MQTT is a machine-to-machine (M2M)/"Internet of Things" connectivity protocol. It was designed as an extremely lightweight publish/subscribe messaging transport. It is useful for connections with remote locations where a small code footprint is required and/or network bandwidth is at a premium.
To run the streaming service, use the following script:
$SPARK_HOME/bin/spark-submit --master local[*] \
--files $HOME/projects/pyspark-streaming-mqtt/configs/streaming_config.json \
--jars external/mqtt-assembly/target/spark-streaming-mqtt-assembly_*.jar \
--packages org.apache.bahir:spark-streaming-mqtt_2.11:2.4.0 \
$HOME/projects/pyspark-streaming-mqtt/streaming_service/streaming_mqtt.py
To run the streaming service on a virtual server having the same settings for which it was developed.
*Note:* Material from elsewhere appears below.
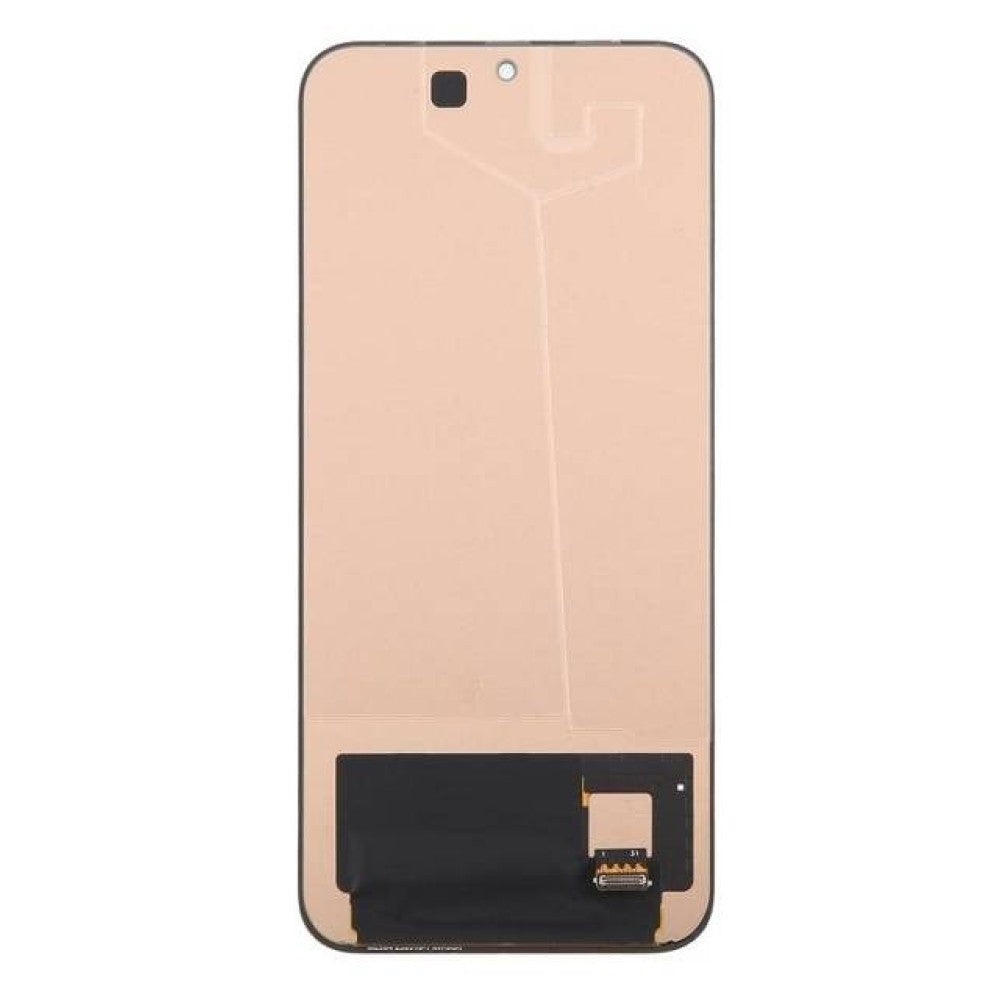 Til Huawei nova 15 Max OEM Grade S OLED skærm og digitizer samle-reparationsdel (uden logo)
- Use the ubuntu-22.04.2-live-server-amd64 ISO
- Run the
vm_server_config.sh
file
The device projects that communicate with this streaming service can be found at https://github.com/FabioAguiar/iot-projects
This project also features a notebook file to demonstrate how records can be viewed in a dataframe.
This project uses the mqtt.py
file, which provides an MQTT Spark Streaming Connector, from the Apache Bahir project, under the Apache License 2.0. Thanks to the Apache Bahir project team for the provided code.